Scraped caption text data

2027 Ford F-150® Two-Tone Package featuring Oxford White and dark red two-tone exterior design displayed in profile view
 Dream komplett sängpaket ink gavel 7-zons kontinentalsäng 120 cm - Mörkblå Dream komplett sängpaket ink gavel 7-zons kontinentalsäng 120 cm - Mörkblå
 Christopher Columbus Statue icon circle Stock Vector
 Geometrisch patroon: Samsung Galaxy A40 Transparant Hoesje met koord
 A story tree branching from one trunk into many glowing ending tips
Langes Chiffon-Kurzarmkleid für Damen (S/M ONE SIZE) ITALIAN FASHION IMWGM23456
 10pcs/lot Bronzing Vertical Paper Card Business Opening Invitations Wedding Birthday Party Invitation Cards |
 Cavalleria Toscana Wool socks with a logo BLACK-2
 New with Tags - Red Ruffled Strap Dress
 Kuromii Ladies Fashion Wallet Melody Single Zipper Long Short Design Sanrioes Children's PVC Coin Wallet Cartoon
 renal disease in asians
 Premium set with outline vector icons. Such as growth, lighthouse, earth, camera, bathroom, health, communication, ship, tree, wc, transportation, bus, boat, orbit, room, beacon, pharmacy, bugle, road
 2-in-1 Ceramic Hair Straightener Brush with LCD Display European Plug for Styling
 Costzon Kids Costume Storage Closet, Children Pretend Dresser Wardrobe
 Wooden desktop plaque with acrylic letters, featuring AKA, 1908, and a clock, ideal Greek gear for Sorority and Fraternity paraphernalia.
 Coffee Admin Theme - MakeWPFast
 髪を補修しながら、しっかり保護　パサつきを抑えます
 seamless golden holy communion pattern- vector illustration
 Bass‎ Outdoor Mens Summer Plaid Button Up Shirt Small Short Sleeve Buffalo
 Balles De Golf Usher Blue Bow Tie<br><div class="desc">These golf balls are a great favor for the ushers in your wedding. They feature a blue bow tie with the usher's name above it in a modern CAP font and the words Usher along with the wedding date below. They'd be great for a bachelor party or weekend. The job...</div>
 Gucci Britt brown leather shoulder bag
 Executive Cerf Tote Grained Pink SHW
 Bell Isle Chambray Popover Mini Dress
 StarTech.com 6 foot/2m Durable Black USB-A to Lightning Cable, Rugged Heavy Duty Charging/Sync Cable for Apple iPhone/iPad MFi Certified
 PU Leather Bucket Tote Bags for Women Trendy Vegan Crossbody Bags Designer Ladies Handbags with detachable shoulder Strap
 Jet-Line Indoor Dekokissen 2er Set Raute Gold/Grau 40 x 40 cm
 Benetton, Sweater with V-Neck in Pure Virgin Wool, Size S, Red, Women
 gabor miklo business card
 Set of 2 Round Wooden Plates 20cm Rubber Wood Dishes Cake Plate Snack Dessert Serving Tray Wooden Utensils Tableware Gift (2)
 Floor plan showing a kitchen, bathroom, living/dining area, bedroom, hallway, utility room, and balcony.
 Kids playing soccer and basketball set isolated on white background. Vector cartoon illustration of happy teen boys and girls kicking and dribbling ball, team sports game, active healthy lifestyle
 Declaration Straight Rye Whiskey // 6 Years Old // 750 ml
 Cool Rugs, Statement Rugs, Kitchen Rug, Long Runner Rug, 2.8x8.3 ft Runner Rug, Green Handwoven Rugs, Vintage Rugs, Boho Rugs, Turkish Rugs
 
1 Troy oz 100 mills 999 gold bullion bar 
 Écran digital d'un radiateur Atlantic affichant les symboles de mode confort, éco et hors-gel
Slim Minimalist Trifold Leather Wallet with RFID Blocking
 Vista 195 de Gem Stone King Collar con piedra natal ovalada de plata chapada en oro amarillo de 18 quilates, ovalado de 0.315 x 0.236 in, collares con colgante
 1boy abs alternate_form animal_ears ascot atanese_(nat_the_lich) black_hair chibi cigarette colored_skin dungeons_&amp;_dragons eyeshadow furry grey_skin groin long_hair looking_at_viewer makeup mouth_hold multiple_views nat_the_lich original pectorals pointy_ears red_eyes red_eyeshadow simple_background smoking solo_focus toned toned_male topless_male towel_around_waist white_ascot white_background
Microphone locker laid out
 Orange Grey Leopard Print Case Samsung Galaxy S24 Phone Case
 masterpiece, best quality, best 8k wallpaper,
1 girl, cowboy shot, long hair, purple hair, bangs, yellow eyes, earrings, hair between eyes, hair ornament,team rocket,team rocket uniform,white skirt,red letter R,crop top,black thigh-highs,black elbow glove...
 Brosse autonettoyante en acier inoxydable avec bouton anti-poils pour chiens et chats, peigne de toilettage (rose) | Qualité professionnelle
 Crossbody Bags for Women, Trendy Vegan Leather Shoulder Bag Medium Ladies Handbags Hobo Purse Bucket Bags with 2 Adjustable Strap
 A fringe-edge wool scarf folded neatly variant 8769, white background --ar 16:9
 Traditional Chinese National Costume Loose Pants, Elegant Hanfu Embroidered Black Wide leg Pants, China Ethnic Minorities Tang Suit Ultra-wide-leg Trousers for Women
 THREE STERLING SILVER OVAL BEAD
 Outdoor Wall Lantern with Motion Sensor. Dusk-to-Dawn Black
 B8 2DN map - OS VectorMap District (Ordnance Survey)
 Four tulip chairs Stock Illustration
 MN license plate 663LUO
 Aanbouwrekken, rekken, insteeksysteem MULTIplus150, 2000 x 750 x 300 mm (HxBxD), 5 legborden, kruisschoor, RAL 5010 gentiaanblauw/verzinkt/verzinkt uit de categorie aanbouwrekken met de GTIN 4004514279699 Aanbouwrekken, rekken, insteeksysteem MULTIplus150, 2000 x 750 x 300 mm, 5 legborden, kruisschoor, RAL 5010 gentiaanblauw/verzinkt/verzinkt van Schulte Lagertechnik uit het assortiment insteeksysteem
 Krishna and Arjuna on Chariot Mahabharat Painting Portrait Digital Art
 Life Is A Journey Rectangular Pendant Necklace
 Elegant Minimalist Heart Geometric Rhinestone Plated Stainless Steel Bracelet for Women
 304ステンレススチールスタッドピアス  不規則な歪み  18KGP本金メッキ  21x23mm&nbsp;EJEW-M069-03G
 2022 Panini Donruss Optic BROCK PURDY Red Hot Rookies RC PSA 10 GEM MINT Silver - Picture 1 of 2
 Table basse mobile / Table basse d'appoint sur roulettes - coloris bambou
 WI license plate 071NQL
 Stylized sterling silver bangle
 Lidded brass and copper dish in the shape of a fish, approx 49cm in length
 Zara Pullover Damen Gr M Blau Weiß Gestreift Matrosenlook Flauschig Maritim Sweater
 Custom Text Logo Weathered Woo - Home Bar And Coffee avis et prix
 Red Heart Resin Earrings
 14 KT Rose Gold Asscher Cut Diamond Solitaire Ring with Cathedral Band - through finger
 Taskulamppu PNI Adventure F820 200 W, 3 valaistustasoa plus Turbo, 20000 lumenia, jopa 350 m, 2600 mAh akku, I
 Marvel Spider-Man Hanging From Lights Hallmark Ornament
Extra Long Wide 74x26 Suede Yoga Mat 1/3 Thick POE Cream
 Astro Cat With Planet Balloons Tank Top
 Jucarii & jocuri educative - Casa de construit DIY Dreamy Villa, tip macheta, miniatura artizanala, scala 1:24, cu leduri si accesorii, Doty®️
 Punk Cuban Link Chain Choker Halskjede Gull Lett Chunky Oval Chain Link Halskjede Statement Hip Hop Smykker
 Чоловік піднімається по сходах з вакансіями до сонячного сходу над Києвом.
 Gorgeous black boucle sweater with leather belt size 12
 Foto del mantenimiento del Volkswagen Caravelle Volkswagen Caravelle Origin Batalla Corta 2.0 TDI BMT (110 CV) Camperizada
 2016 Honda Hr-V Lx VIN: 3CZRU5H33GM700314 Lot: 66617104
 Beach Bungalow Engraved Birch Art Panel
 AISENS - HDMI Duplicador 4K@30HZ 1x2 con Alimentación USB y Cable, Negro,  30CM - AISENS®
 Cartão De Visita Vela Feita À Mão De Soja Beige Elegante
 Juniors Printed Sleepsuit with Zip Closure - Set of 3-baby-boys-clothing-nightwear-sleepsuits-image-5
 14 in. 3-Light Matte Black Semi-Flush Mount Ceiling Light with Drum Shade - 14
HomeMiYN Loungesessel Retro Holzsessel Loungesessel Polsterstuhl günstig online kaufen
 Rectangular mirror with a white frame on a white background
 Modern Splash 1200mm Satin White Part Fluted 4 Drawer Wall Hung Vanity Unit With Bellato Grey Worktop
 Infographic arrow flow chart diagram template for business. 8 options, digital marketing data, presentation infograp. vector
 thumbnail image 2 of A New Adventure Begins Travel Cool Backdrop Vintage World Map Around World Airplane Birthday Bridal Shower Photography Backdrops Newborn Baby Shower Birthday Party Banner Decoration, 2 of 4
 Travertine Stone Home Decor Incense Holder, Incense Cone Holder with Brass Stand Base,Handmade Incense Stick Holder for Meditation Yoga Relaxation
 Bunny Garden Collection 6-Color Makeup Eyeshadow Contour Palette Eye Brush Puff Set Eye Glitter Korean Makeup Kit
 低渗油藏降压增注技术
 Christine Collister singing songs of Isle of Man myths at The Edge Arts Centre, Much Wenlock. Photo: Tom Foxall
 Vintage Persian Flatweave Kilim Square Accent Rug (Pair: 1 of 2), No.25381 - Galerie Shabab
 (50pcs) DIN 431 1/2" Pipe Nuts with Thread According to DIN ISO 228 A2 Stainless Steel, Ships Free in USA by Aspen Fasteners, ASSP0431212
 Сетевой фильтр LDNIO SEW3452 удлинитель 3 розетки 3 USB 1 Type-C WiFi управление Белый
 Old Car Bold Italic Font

» Aim of the exercise:
Return every line of the records in which the word "image" is found.

» Answer to this problem:
 Juniors Printed Sleepsuit with Zip Closure - Set of 3-baby-boys-clothing-nightwear-sleepsuits-image-5
 thumbnail image 2 of A New Adventure Begins Travel Cool Backdrop Vintage World Map Around World Airplane Birthday Bridal Shower Photography Backdrops Newborn Baby Shower Birthday Party Banner Decoration, 2 of 4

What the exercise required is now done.